While reducing RIN noise, these methods have several drawbacks including the requirement for twice the data bandwidth (dual channel detection), additional computation load for post processing, higher detector noise coming from the addition of multiple detectors and the requirement of higher bit-depth for each channel due to DC offset. Although introducing the need for dual channel detection, these methods only sample a single interferometer path.
Electronic methods of balancing an optically unbalanced signal prior to digitization have been shown (For example See U.S. Pat. No. 5,134,276 and corresponding product Nirvana™ (Newport Corporation)). This technique can be thought of as an analog calculation of a correction parameter applied to one of the photodiode currents prior to subtraction at the node and digitization. US Publication No. 2011/0228280 also describes methods of electronically balancing a single interferometer.

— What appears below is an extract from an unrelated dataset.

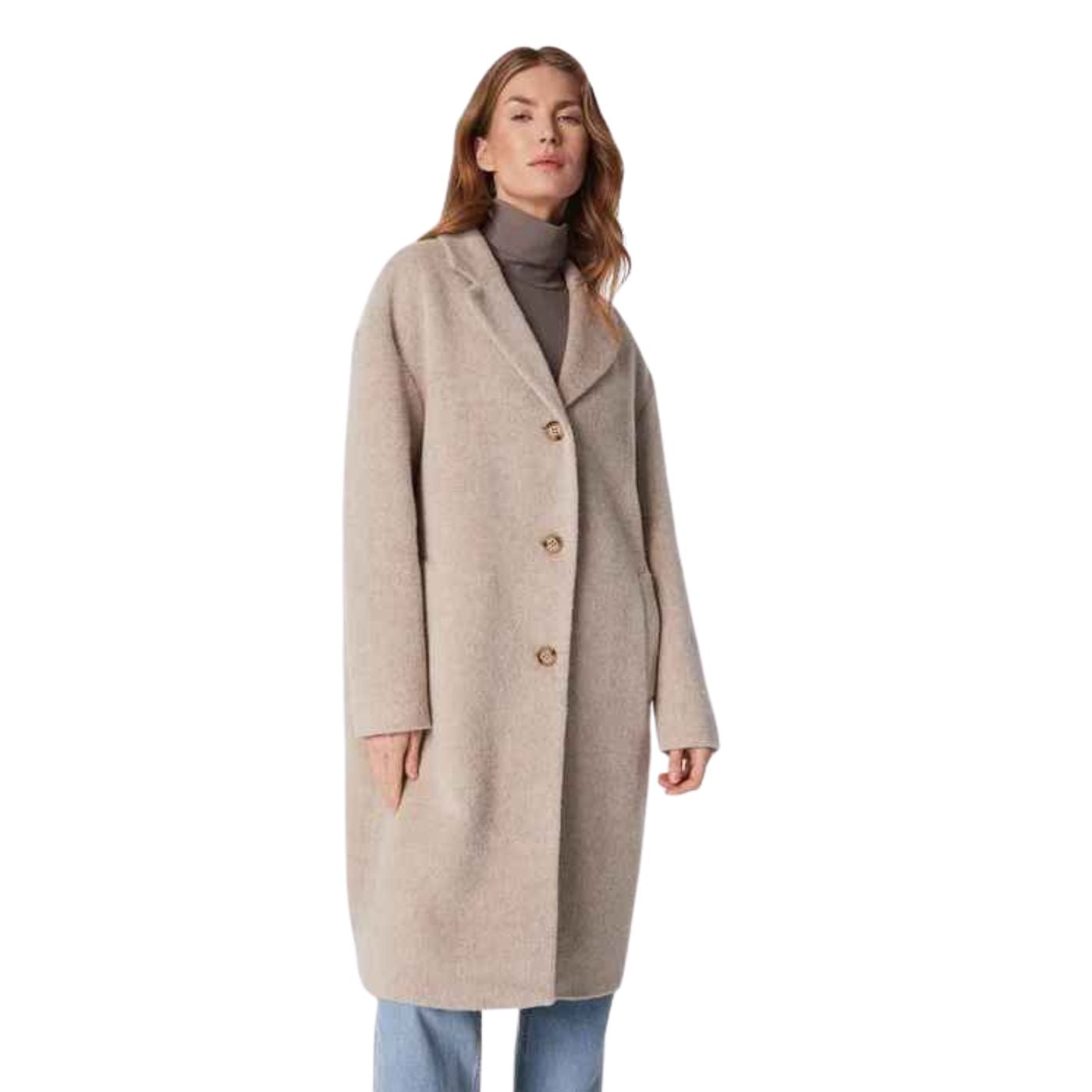 Calvin Klein Textil Gyapjú Kabát | Ecru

In light of the limitations of the prior art, here we describe both optical hardware and electronic based solutions to spectrally filter and attenuate the source reference light in optical coherence tomography in an effort to reduce RIN and FPN noise in OCT systems. For optical hardware based solutions, the means for spectral balancing can be located in the interferometer itself, or in one of the paths directing light to the balanced detection input ports, or in both locations to optimize matching of spectral and power characteristics of the source reference light prior to balanced detection (i.e. prior to electric signal current generation at the photodiodes and data acquisition). In addition to the optical hardware means, we present some new electronic balanced detection schemes in which the current generated by at least one of the photodiodes is divided or amplified dynamically to nullify the signal current due to unbalanced source reference light at the subtraction node of the modified balanced detector. Such designs can compensate for the non-uniform wavelength dependent splitting ratio of fiber optic couplers in SS-OCT systems. The majority of noise in an OCT system arises from the reference light as it is typically orders of magnitude larger than the sample light. Improved spectral matching of the source reference light in the two input arms of the balanced detector results in efficient FPN suppression and can increase the sensitivity of SS-OCT systems closer to shot-noise limited performance. The systems and methods described herein have the advantage of using half the data bandwidth, allowing for single channel detection and higher dynamic range (hence less bit-depth), and requiring no post-processing steps for RIN suppression compared to the solutions provided in the past.